#### [WHAT YOU WILL DO]
Leave the images aside and output every entry exactly.

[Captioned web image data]
*** Block opens ***
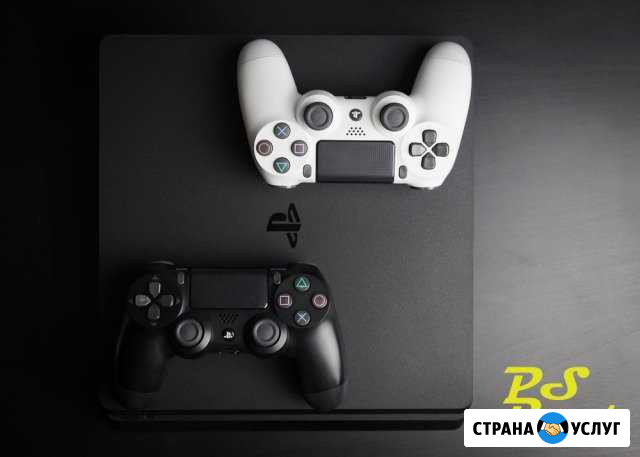 Аренда Ps4 - Playstation 4 (прокат) Краснодар - изображение 1
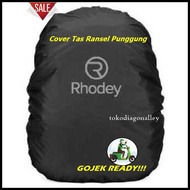 Raincoat Backpack Rain Cover Waterproof Rainproof Backpack 30-40L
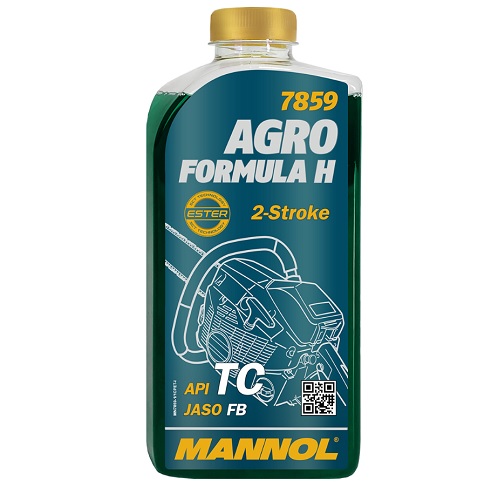 Mannol Agro Formula 1L 7859 - Motoroljor - MN7859-1 - 1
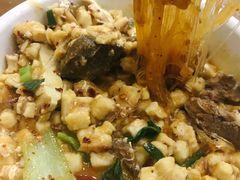 -刘信牛羊肉小炒泡馍(回民街店)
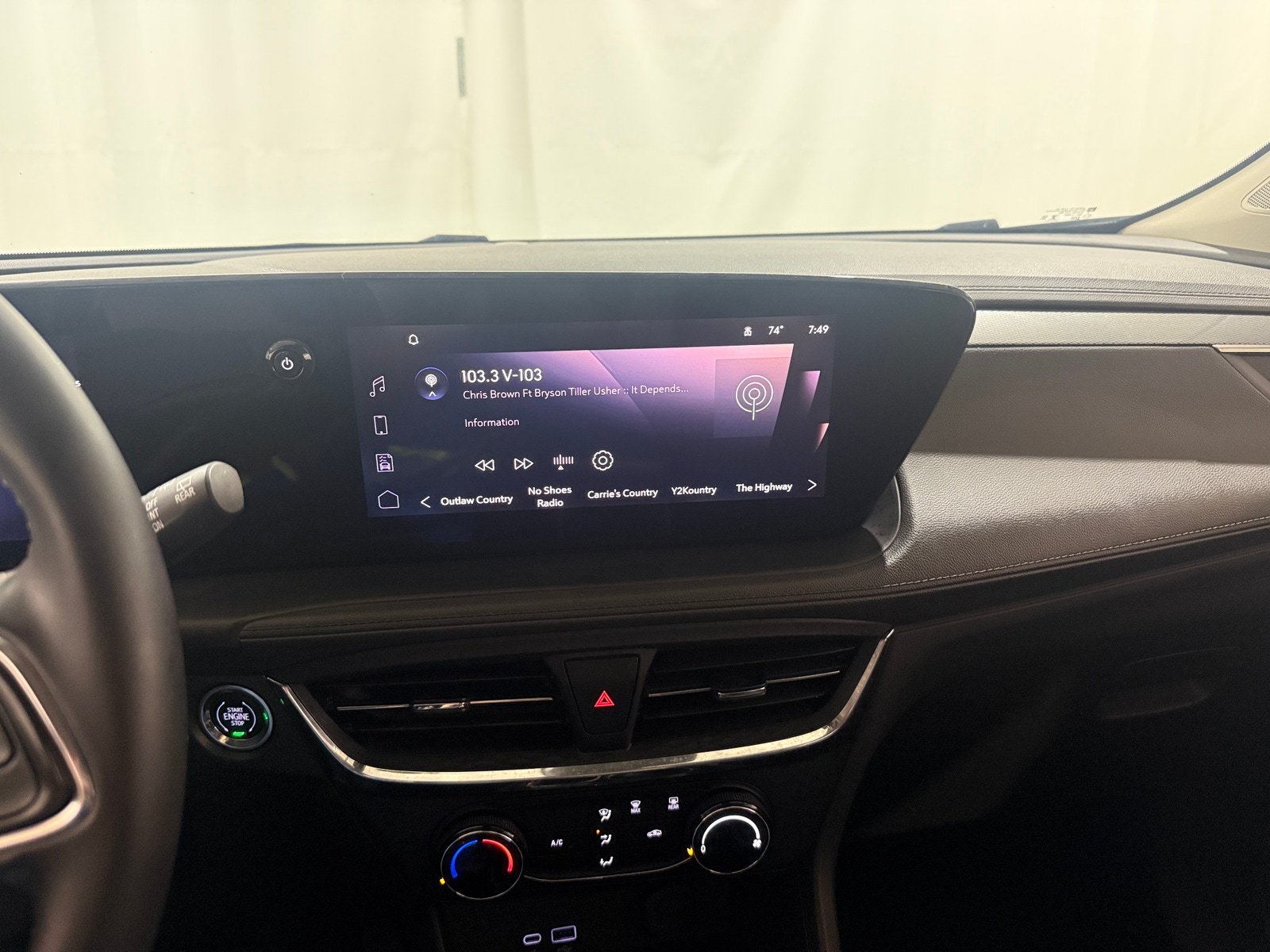 Thumbnail: 2025 Buick Encore GX - 4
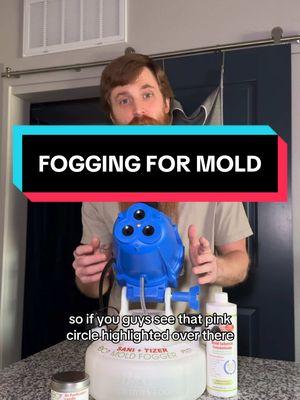 This is a mold cleaning hack and how I deal with mold living with CIRS aka mold illness. #cirs #moldillness #moldtoxicity #moldillnessrecovery #moldtoxicityawareness @Micro Balance Health Products 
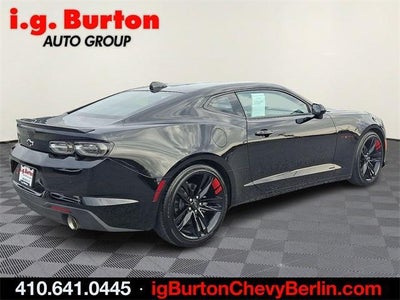 2024 Chevrolet Camaro 3LT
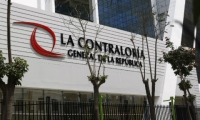 Controlaría General de la Nación. 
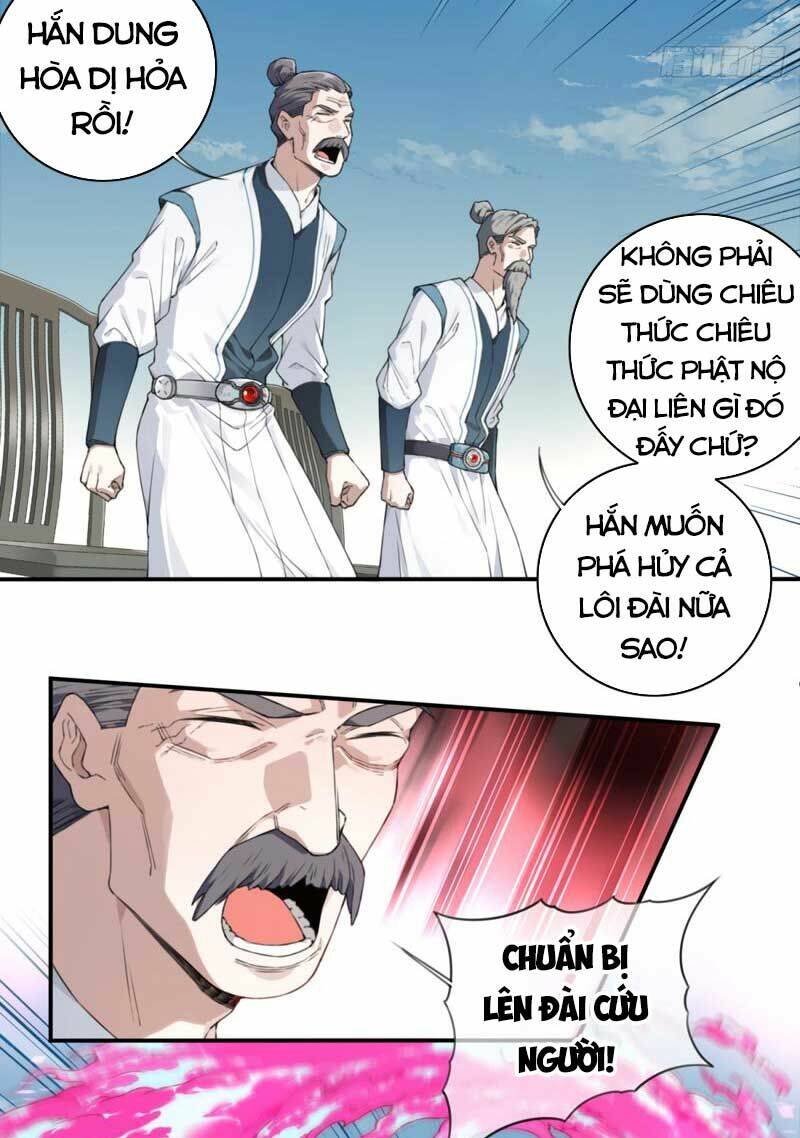 Ta Dùng Cơ Bắp Xưng Bá Tu Tiên Giới - Chapter 1 - Page 35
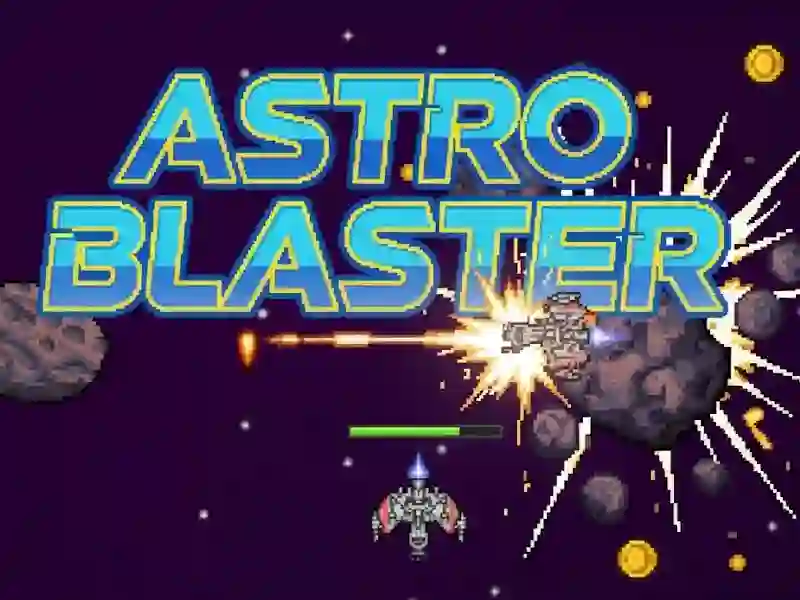 Spill Astro Blaster online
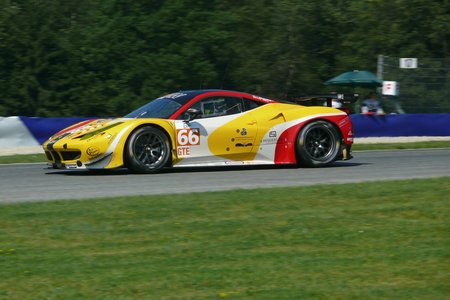 European Le Mans Series 2014 - 4 Hours of Red Bull Ring (Sunday report) - picture number 013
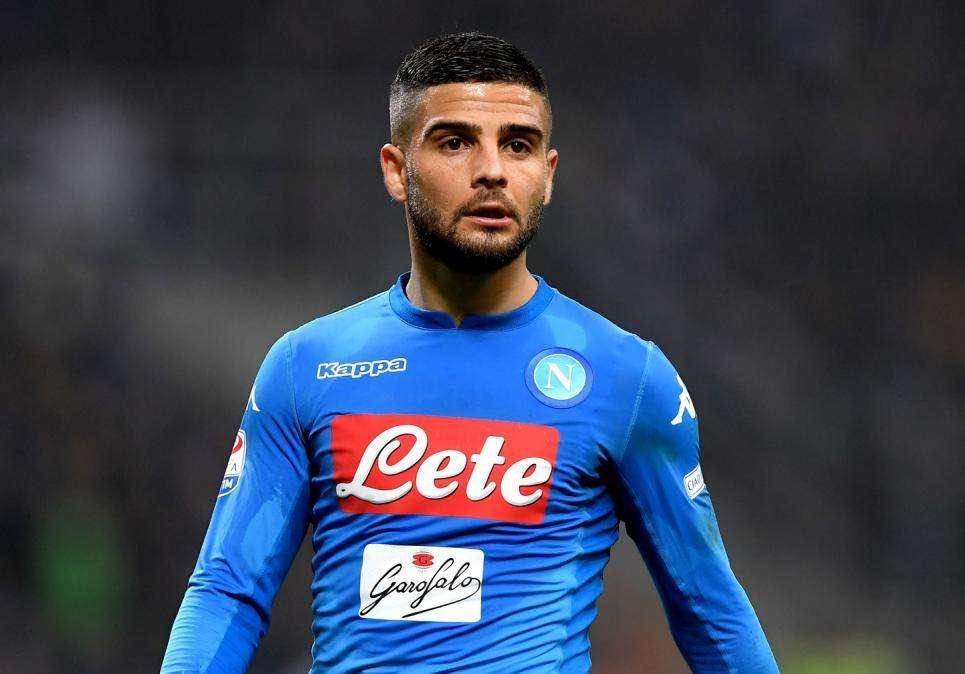 Napoli, Insigne: "Ora a Torino con la testa giusta, l'importante è vincere!"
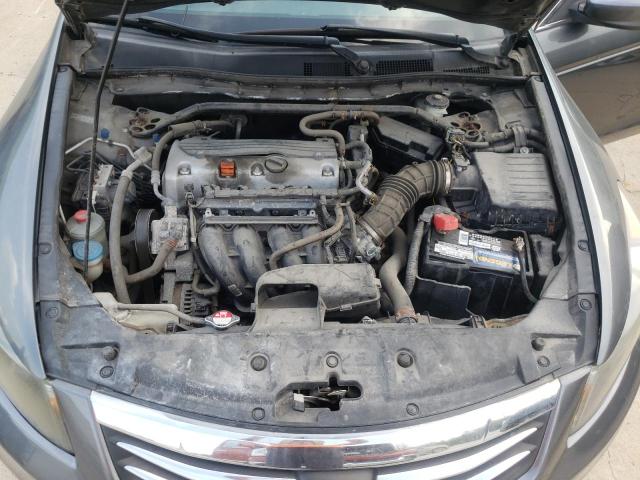 Photo 11 from auction – 2012 HONDA ACCORD EX with VIN 1HGCP2F76CA094779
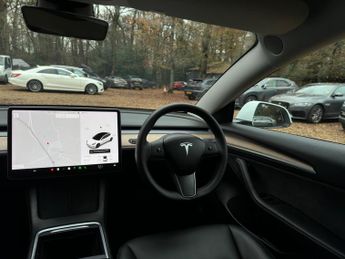 Tesla Model 3 (Dual Motor) Long Range Auto 4WDE 4dr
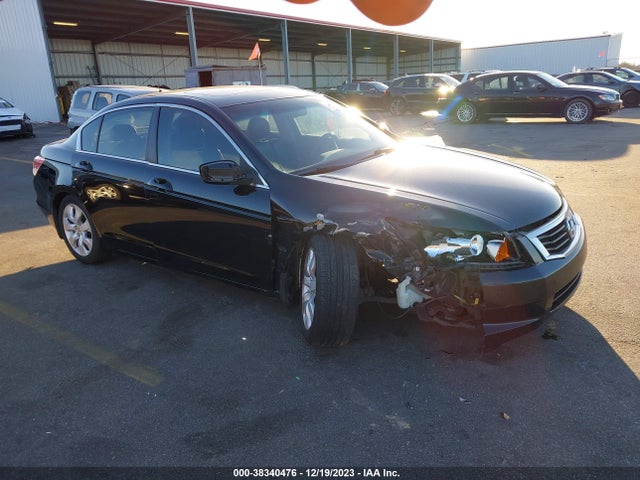 2010 HONDA ACCORD 2.4 EX-L VIN: 1HGCP2E85AA024231
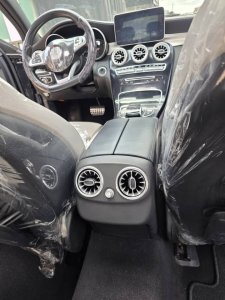Sharp Mercedes-Benz C400 2015 4MATIC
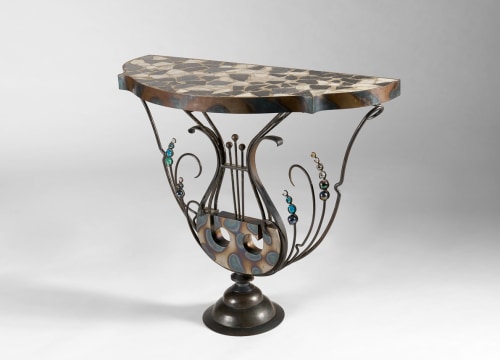 brazier jones console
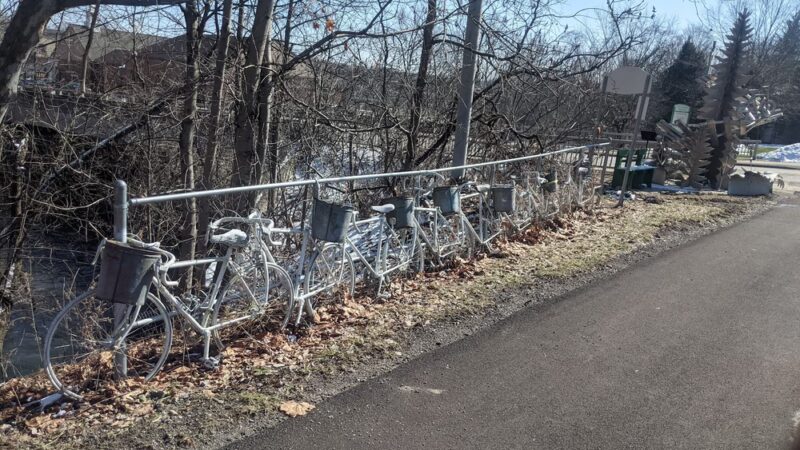 Greenville - Jamestown Trail - Greenville, PA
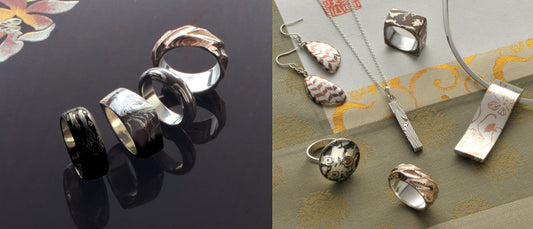 Kỹ thuật Mokume - Gane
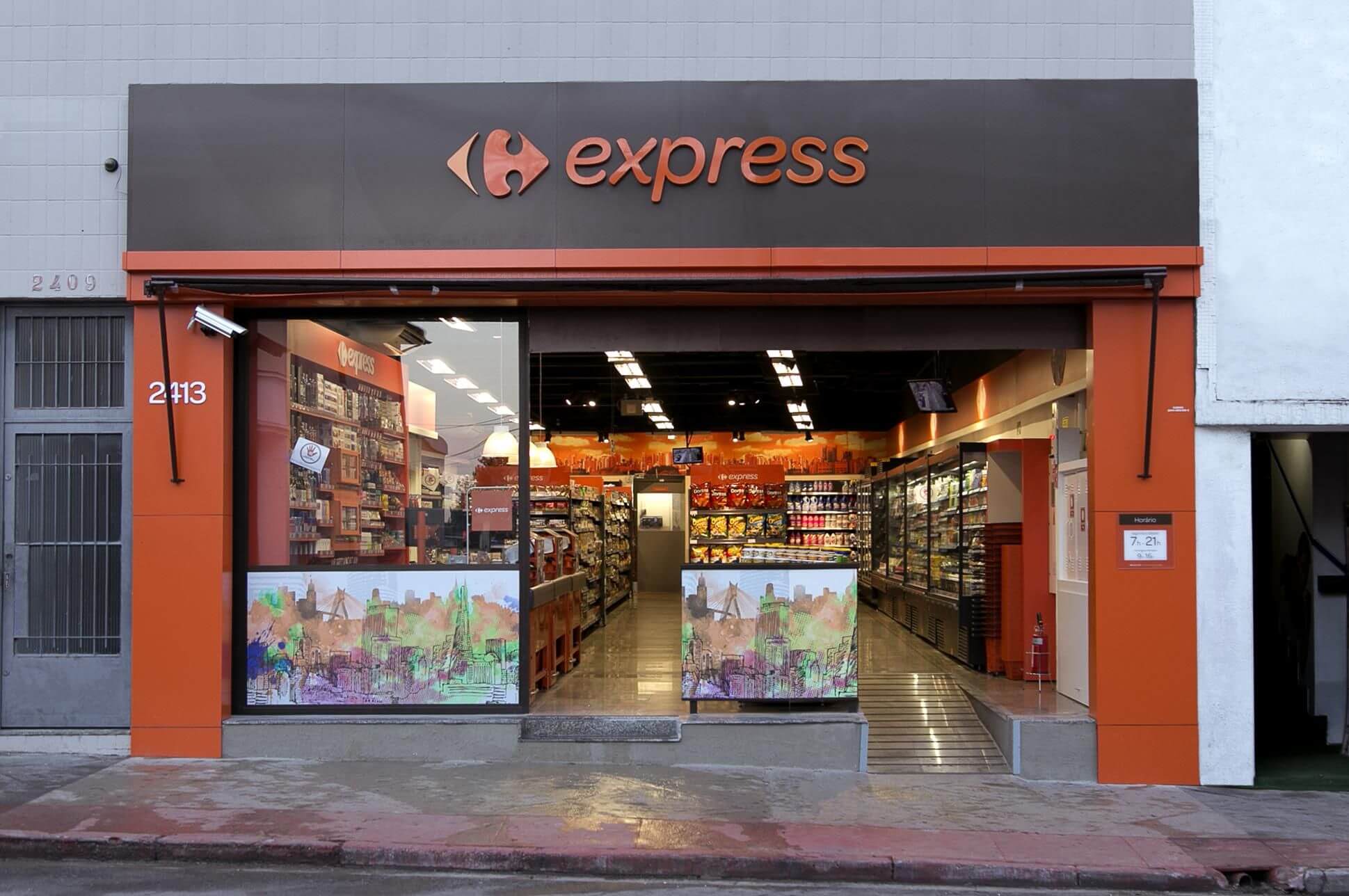 11+ mẫu thiết kế cửa hàng kim khí ấn tượng, hút khách không nên bỏ lỡ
*** Block closes ***
#### [EXPECTED ANSWER]
 Аренда Ps4 - Playstation 4 (прокат) Краснодар - изображение 1
 Raincoat Backpack Rain Cover Waterproof Rainproof Backpack 30-40L
 Mannol Agro Formula 1L 7859 - Motoroljor - MN7859-1 - 1
 -刘信牛羊肉小炒泡馍(回民街店)
 Thumbnail: 2025 Buick Encore GX - 4
 This is a mold cleaning hack and how I deal with mold living with CIRS aka mold illness. #cirs #moldillness #moldtoxicity #moldillnessrecovery #moldtoxicityawareness @Micro Balance Health Products 
 2024 Chevrolet Camaro 3LT
 Controlaría General de la Nación. 
 Ta Dùng Cơ Bắp Xưng Bá Tu Tiên Giới - Chapter 1 - Page 35
 Spill Astro Blaster online
 European Le Mans Series 2014 - 4 Hours of Red Bull Ring (Sunday report) - picture number 013
 Napoli, Insigne: "Ora a Torino con la testa giusta, l'importante è vincere!"
 Photo 11 from auction – 2012 HONDA ACCORD EX with VIN 1HGCP2F76CA094779
 Tesla Model 3 (Dual Motor) Long Range Auto 4WDE 4dr
 2010 HONDA ACCORD 2.4 EX-L VIN: 1HGCP2E85AA024231
Sharp Mercedes-Benz C400 2015 4MATIC
 brazier jones console
 Greenville - Jamestown Trail - Greenville, PA
 Kỹ thuật Mokume - Gane
 11+ mẫu thiết kế cửa hàng kim khí ấn tượng, hút khách không nên bỏ lỡ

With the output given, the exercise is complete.